Obama met with Clinton last week in Chicago, reportedly to discuss the secretary of state job, as the president-elect looks to begin filling his Cabinet. Obama is also said to be considering Senator John F. Kerry of Massachusetts and New Mexico Governor Bill Richardson, both of whom have significant foreign affairs experience for the post.

Although Obama's aides will not comment on potential appointments, the possibility of Clinton as the face of the United States around the globe has riveted the political world and added another wrinkle to the fraught relationship between two of Washington's leading Democrats.

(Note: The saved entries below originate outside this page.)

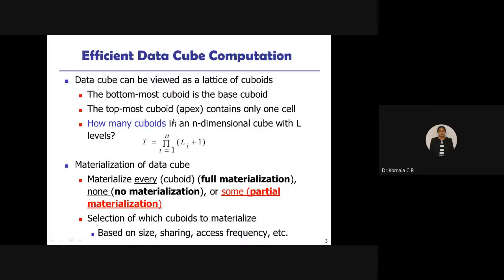A data cube can be viewed as a lattice of cuboids. We have studied this with examples — from 0D (called the apex) up to the base cuboid. The bottom-most cuboid is called the base cuboid, which contains complete details, whereas the topmost cuboid is called the apex, which has zero details.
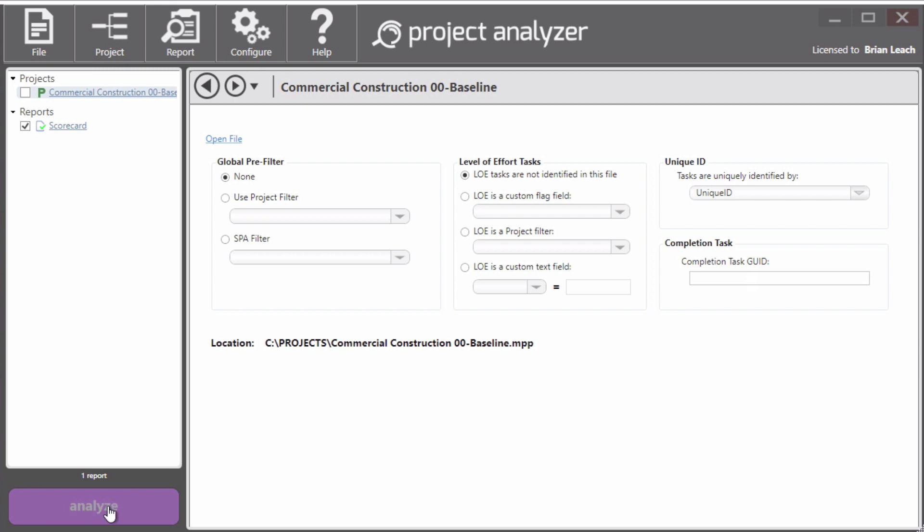The Analyze button, though, still can't be clicked on. It's a little bit grayed out. And the reason is we have to select both a project and a report. And once we do that, it turns brighter and it's ready to go.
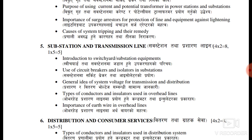Importance of the surge arrestor and protection of the line. If you have a lightning strike, you should have the visual terms. You should have the lightning arrestor device — you should be arrested for lightning. Lightning arrestor.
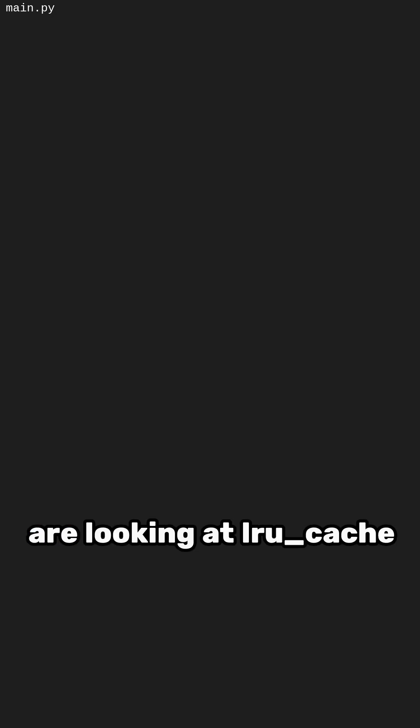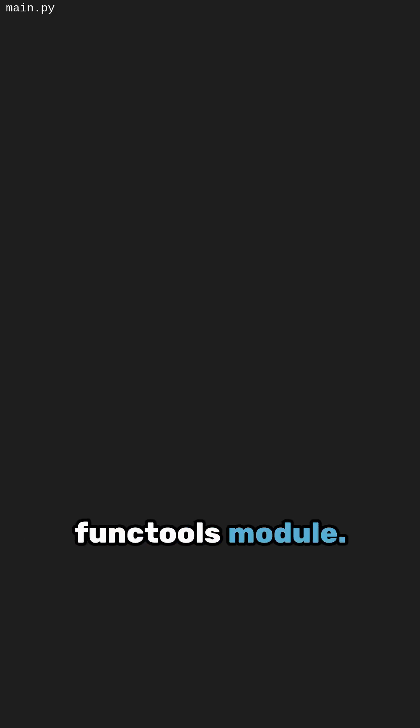Hey everyone! Today we are looking at lru_cache, a hidden gem from the functools module. It lets you cache function results, so repeated calls are much faster.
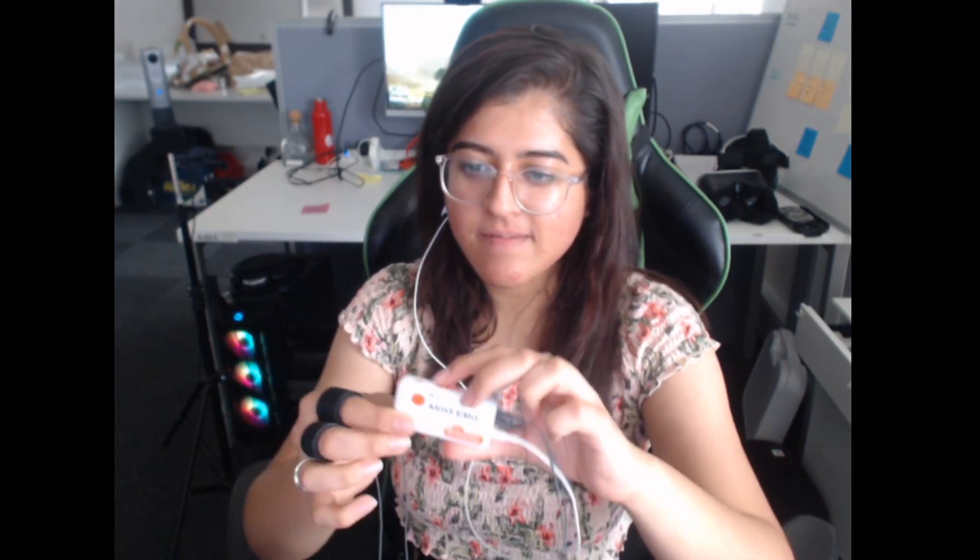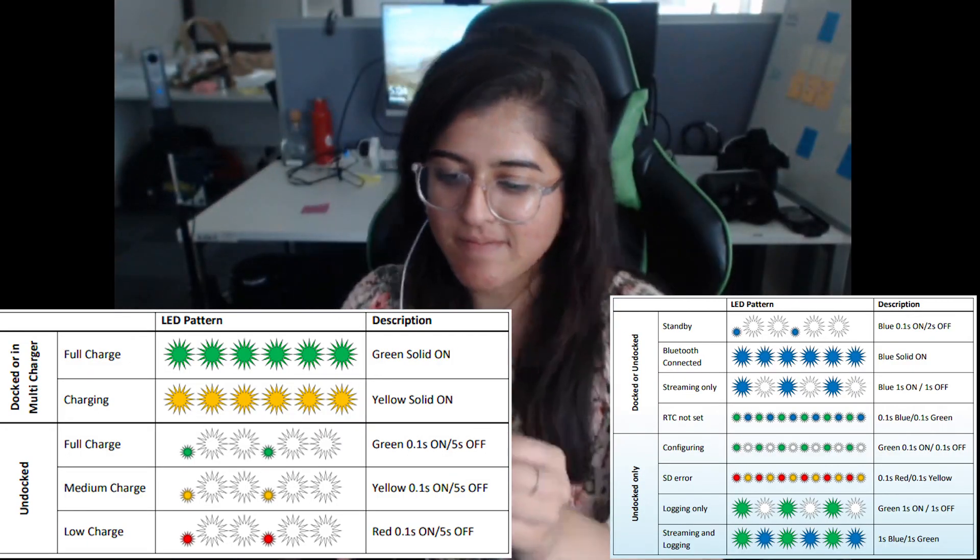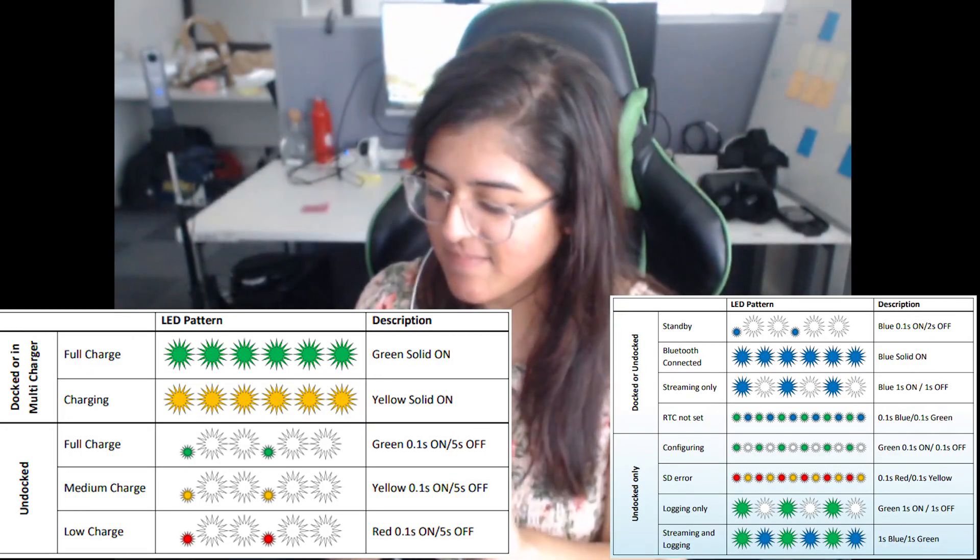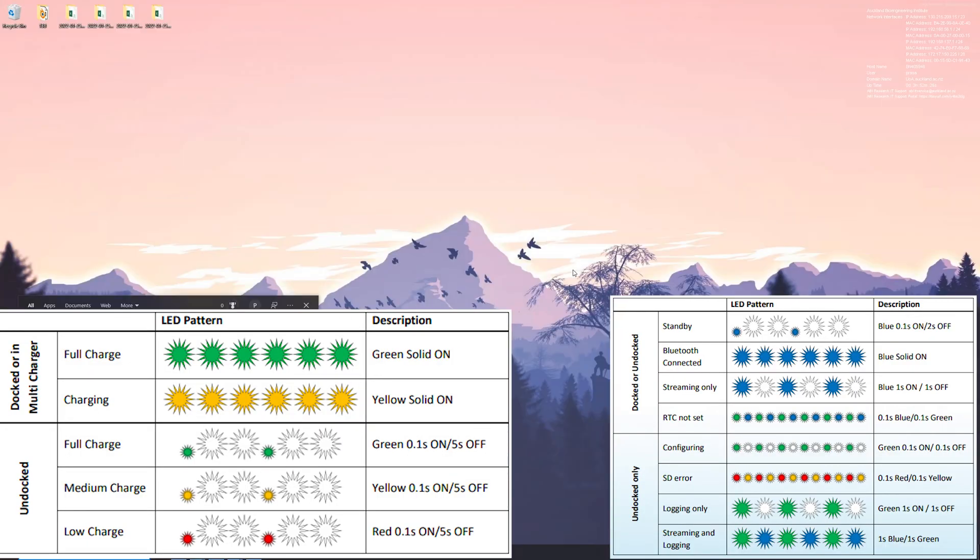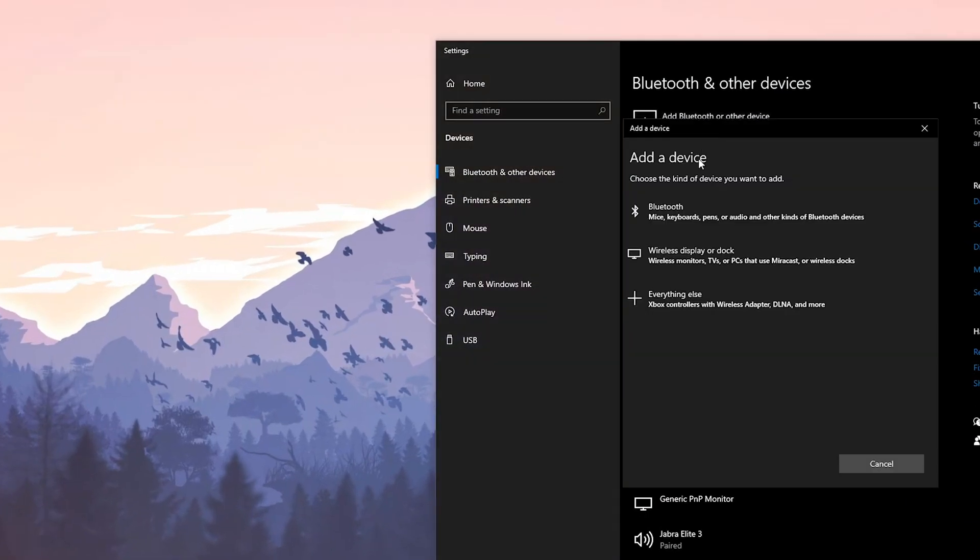The LEDs indicate the connection and streaming status. In the Windows machine, add a new Bluetooth device and search for the Shimmer.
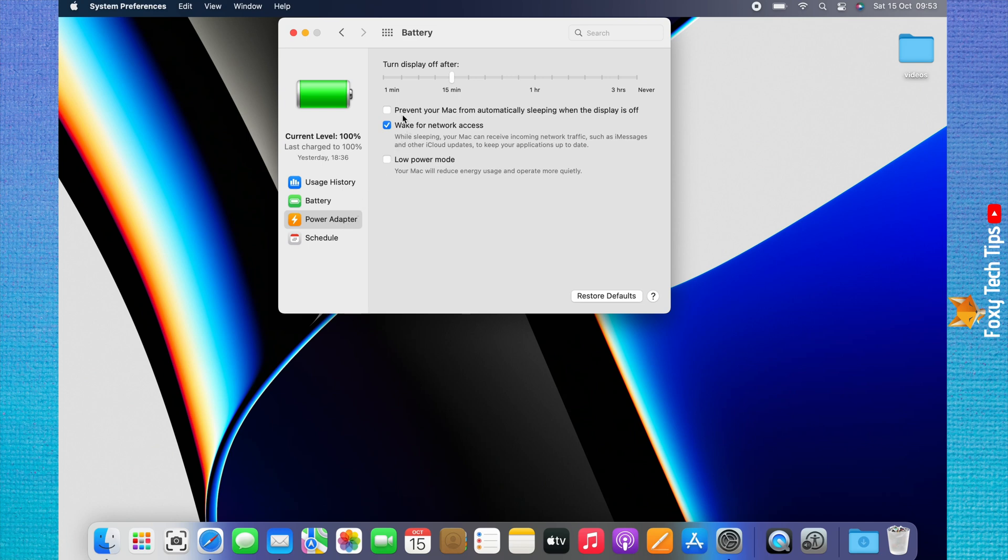You now want to check the checkbox to the left of 'Prevent your Mac from sleeping when the display is off.'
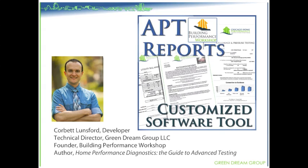APT Reports is automated performance testing reports. It's a reporting software tool that I've been using in my own company for years. It took me quite a long time to perfect it.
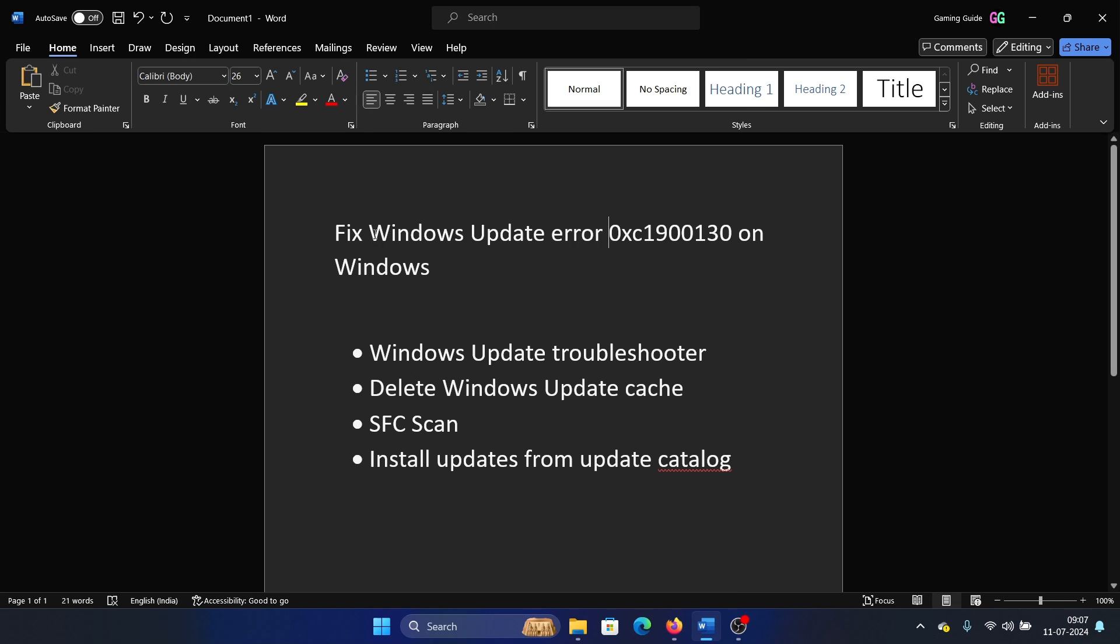Hey friends, if you wish to fix Windows Update error 0xc1900130 on your Windows computer, then please watch this video. I will guide you through the resolutions. The first solution is to run the Windows Update troubleshooter.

"It would be a very politically mature move on his part," said Henry R. Nau, a professor of political science and international affairs at George Washington University who has worked at the State Department and National Security Council. "It would reflect a great deal of self-confidence in his leadership role."

Some analysts say that if Obama picks Clinton, it would prove his assertions that he draws inspiration from Abraham Lincoln, who asked former political opponents to help him lead the country through the Civil War.

Historian Doris Kearns Goodwin, who chronicled Lincoln's deft political maneuvering in her 2005 book "Team of Rivals," said Obama's consideration of Clinton for secretary of state is analogous to Lincoln's selecting William Seward for the same post in 1861. Seward was considered the favorite for the Republican presidential nomination, as Clinton had been for this year's Democratic nomination. Though initially dejected from the loss, Goodwin said, Seward eventually accepted Lincoln's offer to join his Cabinet and the two men developed a productive friendship.

"The parallel with Hillary is almost eerie," she said yesterday.

The tranquil early days of the primary contest between Clinton and Obama came to an abrupt end in July 2007, when Obama, during a debate in Charleston, S.C., said that he would be willing to meet, without precondition, with the leaders of rogue nations such as North Korea, Cuba, and Iran - an answer that came to define his views on diplomacy throughout the campaign.